Salary Sacrifice EVs and the 2026 Road Tax Change: What Actually Happens to Your Monthly Payments

From April 2026, electric vehicles will start paying Vehicle Excise Duty (road tax) for the first time. If you’re driving an EV through a salary sacrifice scheme, or thinking about joining one, you’re probably wondering whether this means your monthly payments are about to jump. The short answer is: it depends on your scheme provider, but you won’t be paying twice.

The Two Taxes Everyone’s Confusing

First, let’s untangle what we’re actually talking about, because there are two completely separate taxes at play here.

Company car tax (officially called Benefit in Kind tax) is what you pay on the value of having a company car for personal use. For electric cars in the 2024/25 tax year, this is charged at 2% of the car’s list price. This is the tax that comes out of your gross salary before you see it, and it’s the main tax implication of salary sacrifice schemes.
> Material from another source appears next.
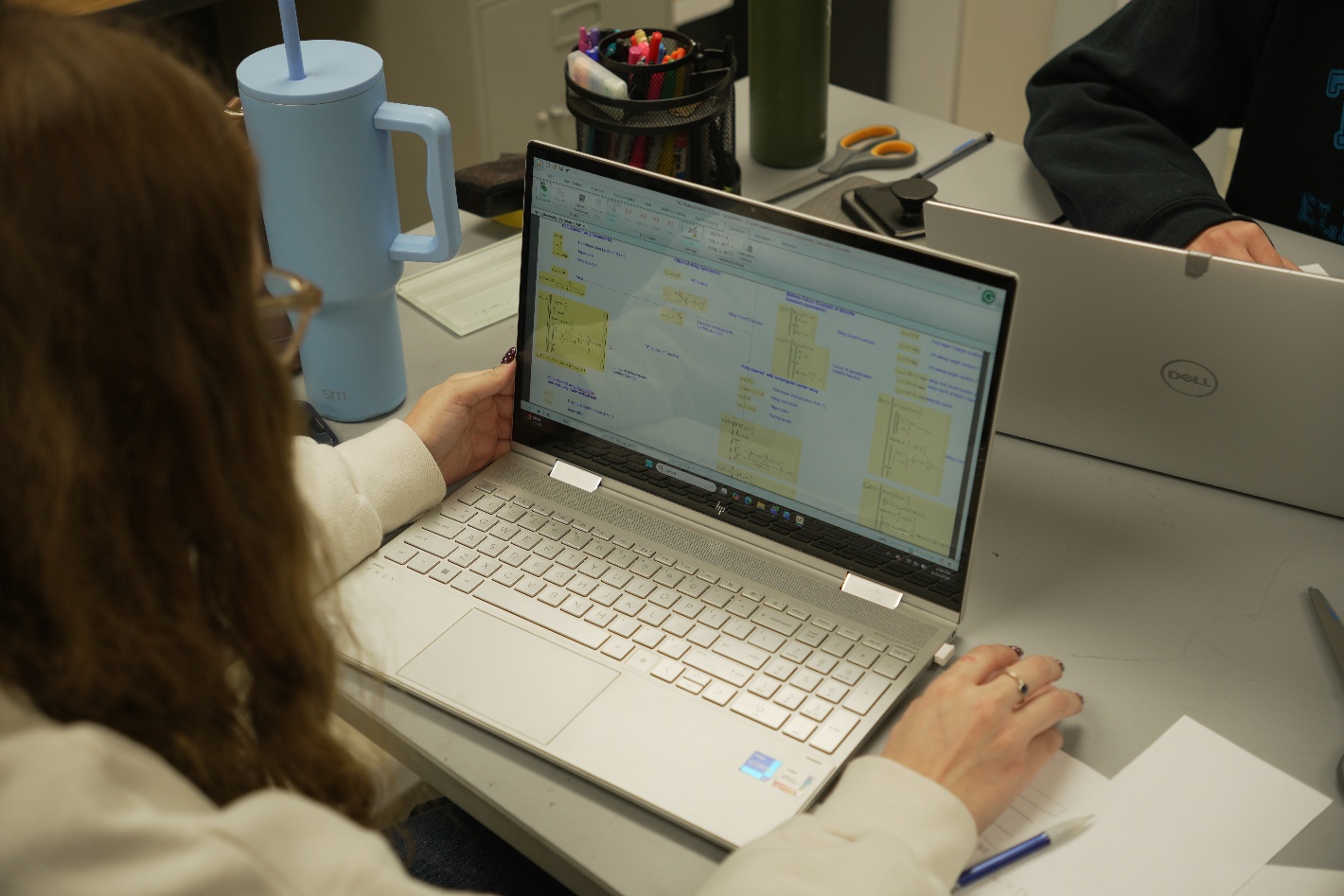 Wing geometry analysis with MathCAD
Vehicle Excise Duty (VED, or road tax) is the annual charge for keeping a vehicle on the road. Currently zero for EVs, but from April 2026, electric cars will pay the standard rate, which is £195 per year at current rates. This amount may change before 2026.

These are completely different taxes collected for different reasons. You’re not being taxed twice on the same thing.

Who Actually Pays the Road Tax?

Here’s where salary sacrifice arrangements matter. In a salary sacrifice scheme, you don’t own the car. The leasing company or your employer’s fleet provider owns it, and they’re responsible for VED.

What happens to that £195 annual cost (or about £16 per month) depends entirely on how your scheme provider handles it. I spoke to several major salary sacrifice providers, and they’re taking different approaches.

Some providers, including Octopus Electric Vehicles and Tusker, have confirmed they’ll absorb the VED cost into their existing pricing structure without passing it directly to employees. Others are building it into monthly payments for new agreements signed after the change takes effect. A few are still finalising their approach.

The crucial point: your scheme administrator decides this, not HMRC or the government.

What Happens to Existing Agreements?

If you signed a three or four-year salary sacrifice agreement before April 2026, the situation varies by provider.

Most providers are honouring existing agreements at the originally quoted monthly cost. If you signed up in 2024 for a four-year term, and your agreement stated a fixed monthly sacrifice amount, that amount typically won’t change when VED is introduced in 2026.

However, check your agreement’s terms and conditions. Some contracts include clauses allowing for adjustments if tax or regulatory costs change. If you’re currently in a scheme, it’s worth asking your HR department or scheme administrator directly what happens to agreements that span the April 2026 date.

Worked Example: A Typical Salary Sacrifice EV

Let’s use a real example. Say you’re taking a Volkswagen ID.3 on salary sacrifice with a list price of £40,000.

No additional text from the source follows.